(Task data Opens)

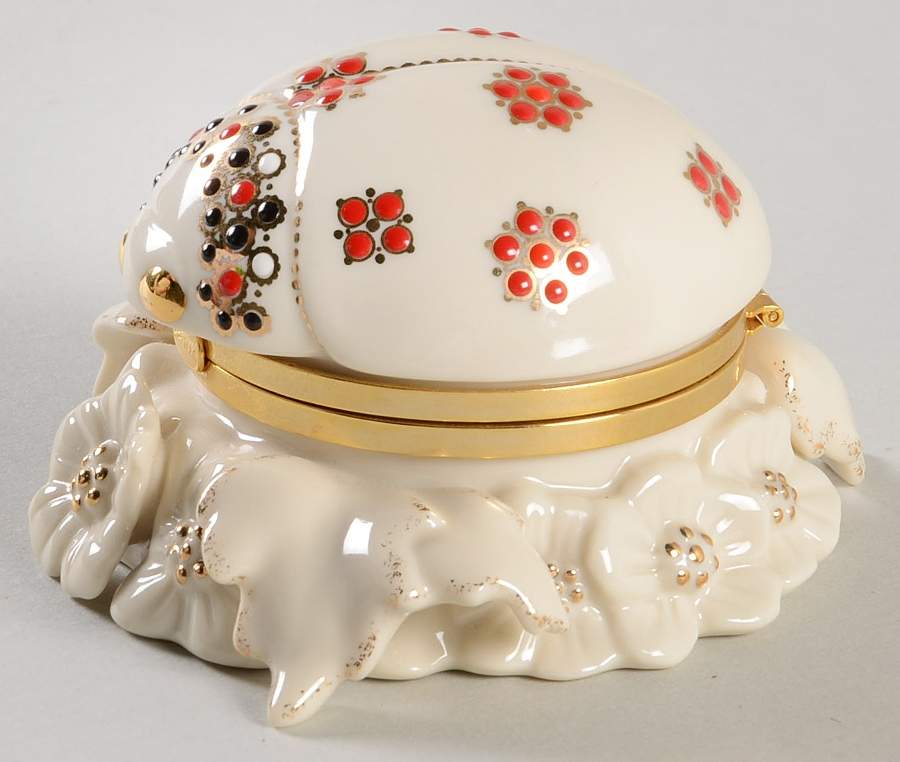 Secret Garden-Miniature Boxes Ladybug Box - Boxed by Lenox-1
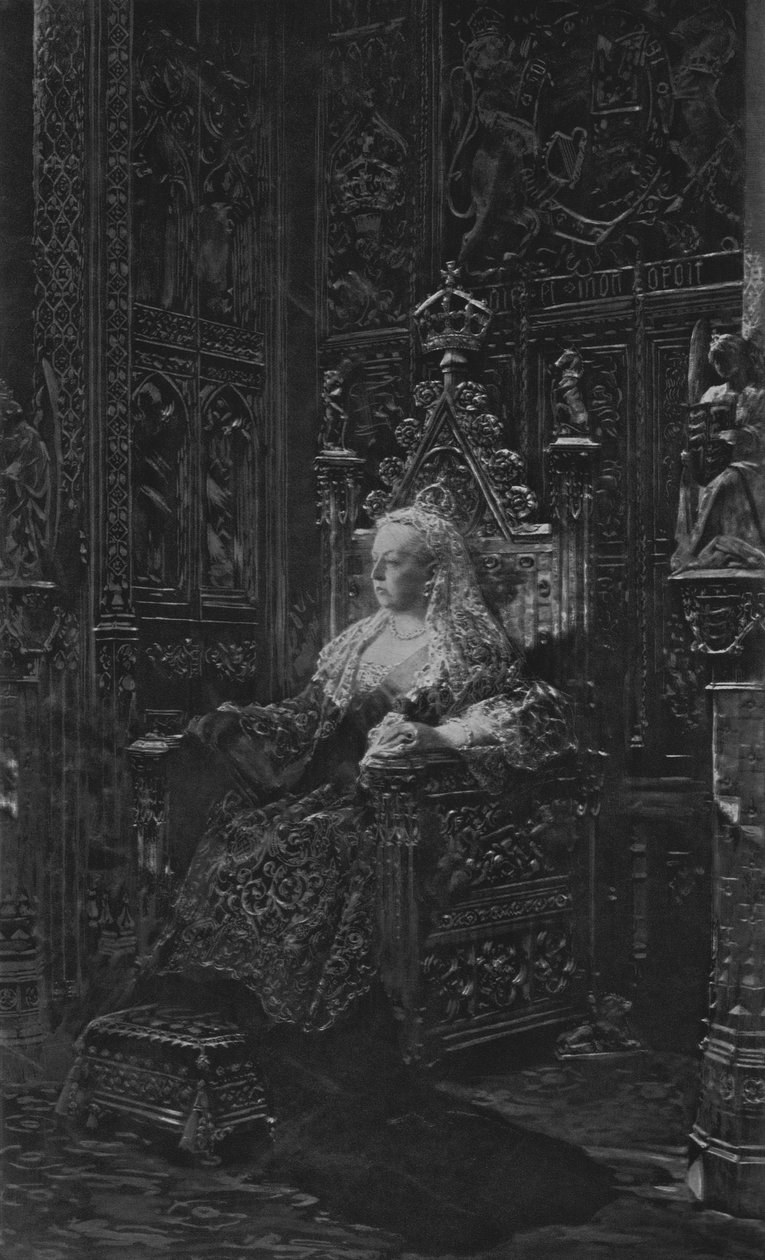 Rainha Victoria Empress, Victoria, a rainha e imperatriz de 1901. de Unbekannt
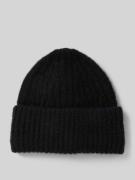American Vintage Strickmütze mit Alpaka-Anteil Modell 'EAST' in Black,...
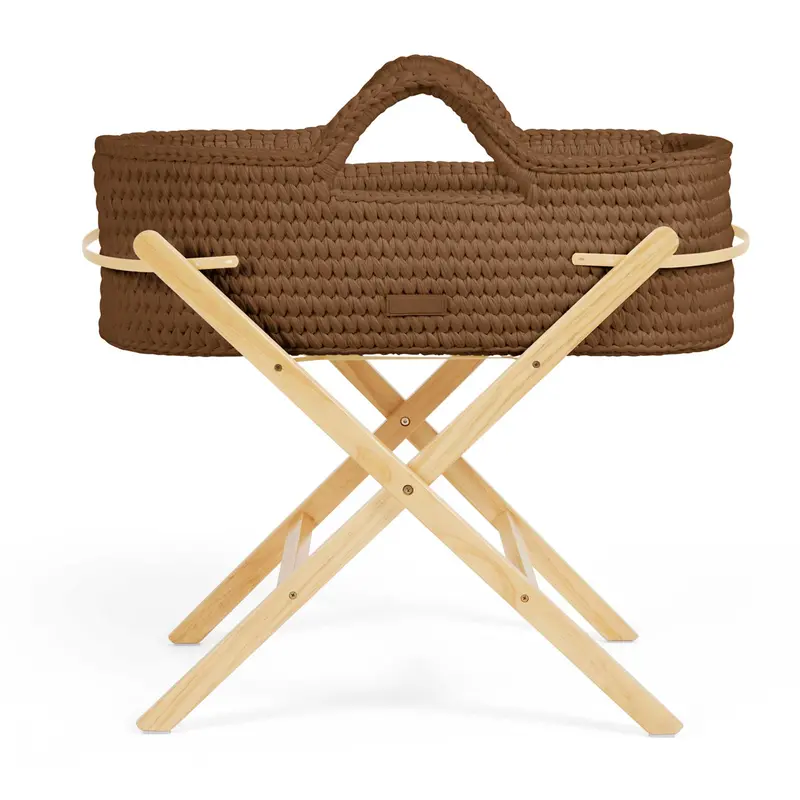 Ickle Bubba Nova Moses Basket & Stand In Mocha/Pine 1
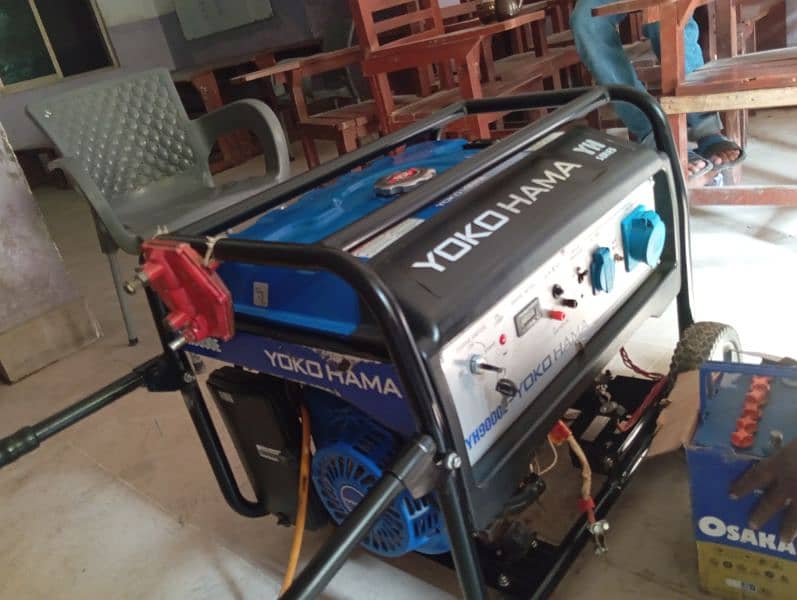 6.5 KVA Yokohama Generator Available for Sale (Model YH9000E) 9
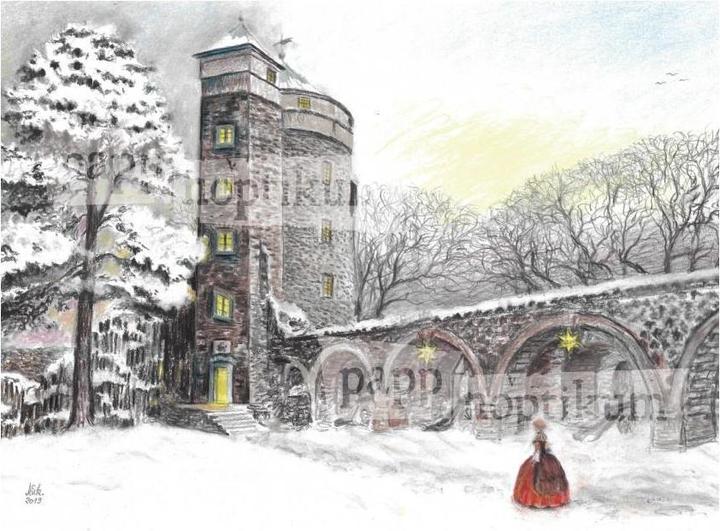 Produktbild Pappnoptikum 1013 - Burg Stolpen - Coselturm (Adventskalender)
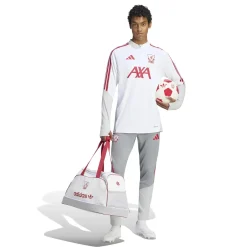 adidas Liverpool Europees Trainingstrui 1/4-Zip 2026-2027 Wit Rood Grijs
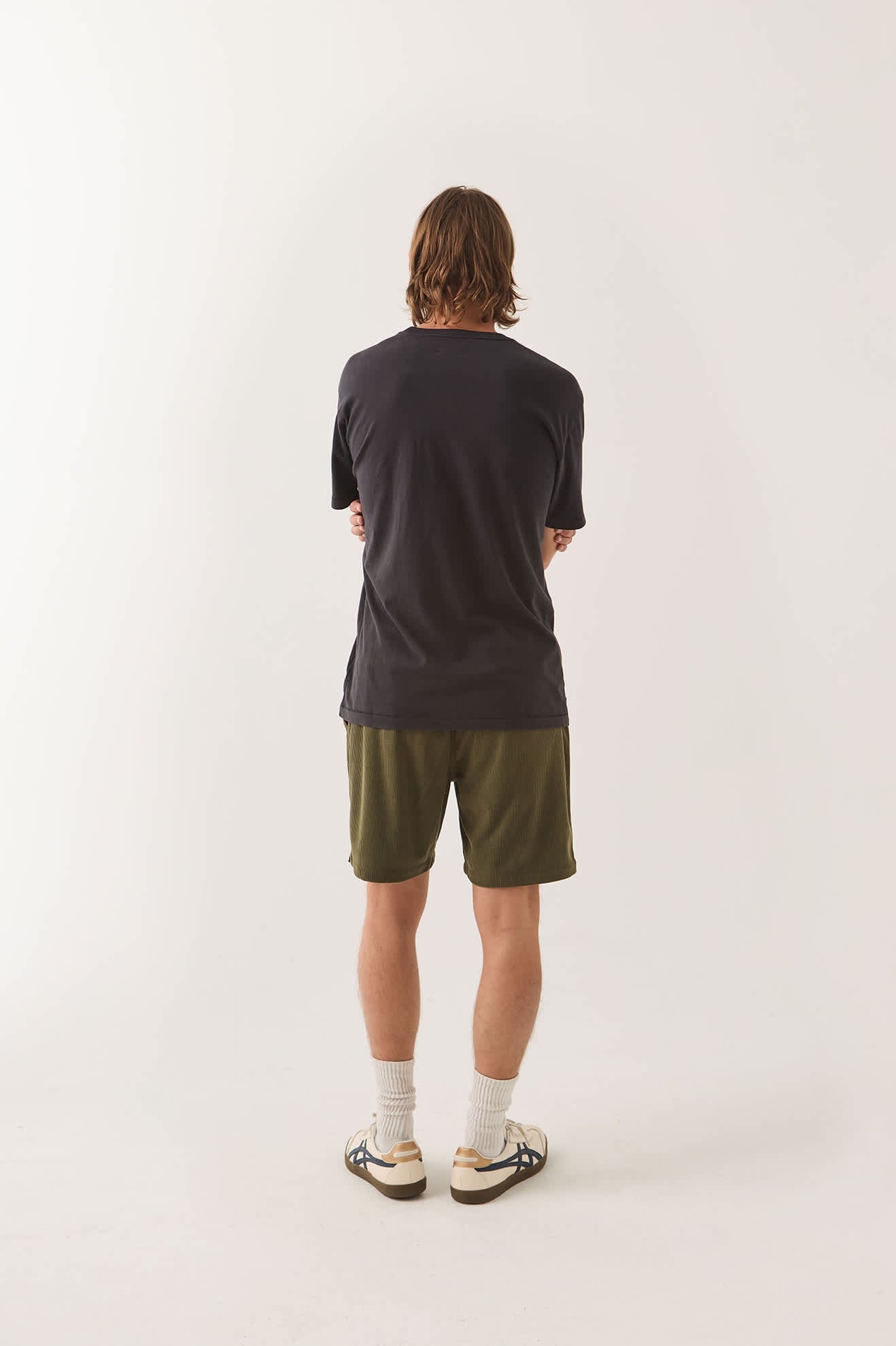 brixton-everyday-cord-shorts-dunkeloliv-kord image 4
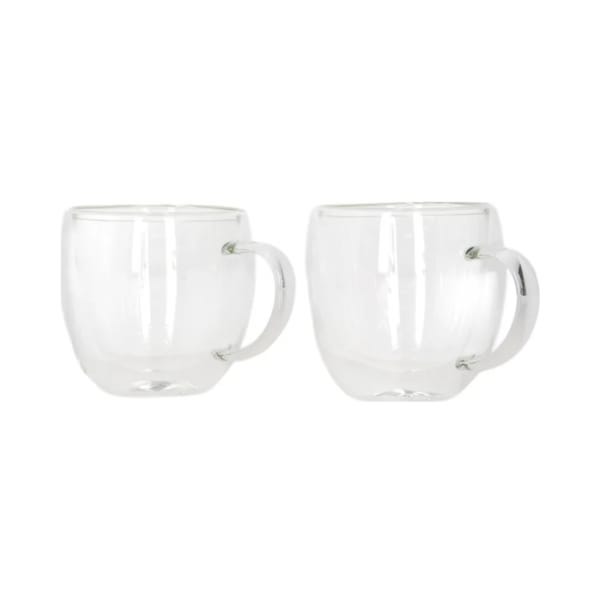 Danny Home Verre à cappuccino à double paroi 20 cl avec anse, pack de 2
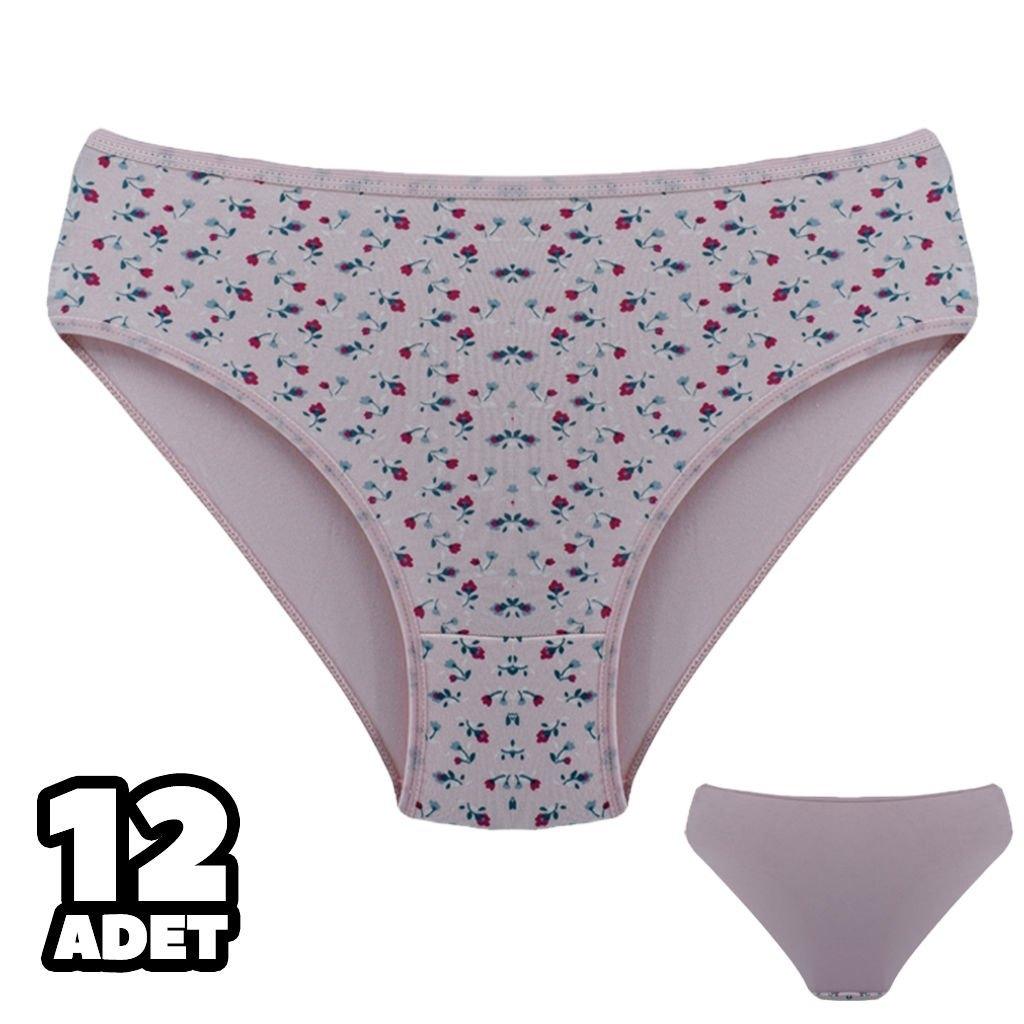Pudra Desenli Bayan Ara Beden Külot 12'li Dondeza 201-163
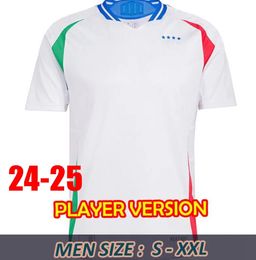 Soccer Jerseys Italian 2024 Euro Cup National Team BAGGIO Italia Jersey VERRATTI CHIESA Vintage JORGINHO Football Shirt BARELLA MALDINI Kids Kit 41F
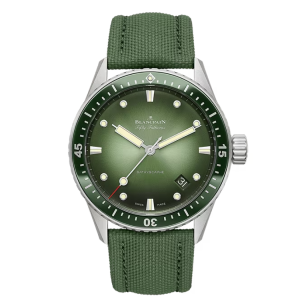 Blancpain Fifty Fathoms Bathyscaphe Green Dial Stainless Steel Watch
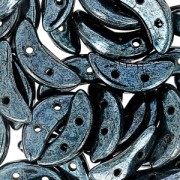 Czechmates Crescent 2 trous 3 x 10 mm Jet Hematite x5g|raw }}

(Task data Closes)

#### Work to complete
The entries above, without their pictures, should be written out exactly.

#### Output for this task
 Secret Garden-Miniature Boxes Ladybug Box - Boxed by Lenox-1
 Rainha Victoria Empress, Victoria, a rainha e imperatriz de 1901. de Unbekannt
American Vintage Strickmütze mit Alpaka-Anteil Modell 'EAST' in Black,...
 Ickle Bubba Nova Moses Basket & Stand In Mocha/Pine 1
 6.5 KVA Yokohama Generator Available for Sale (Model YH9000E) 9
 Produktbild Pappnoptikum 1013 - Burg Stolpen - Coselturm (Adventskalender)
 adidas Liverpool Europees Trainingstrui 1/4-Zip 2026-2027 Wit Rood Grijs
 brixton-everyday-cord-shorts-dunkeloliv-kord image 4
 Danny Home Verre à cappuccino à double paroi 20 cl avec anse, pack de 2
Pudra Desenli Bayan Ara Beden Külot 12'li Dondeza 201-163
 Soccer Jerseys Italian 2024 Euro Cup National Team BAGGIO Italia Jersey VERRATTI CHIESA Vintage JORGINHO Football Shirt BARELLA MALDINI Kids Kit 41F
 Blancpain Fifty Fathoms Bathyscaphe Green Dial Stainless Steel Watch
 Czechmates Crescent 2 trous 3 x 10 mm Jet Hematite x5g|raw }}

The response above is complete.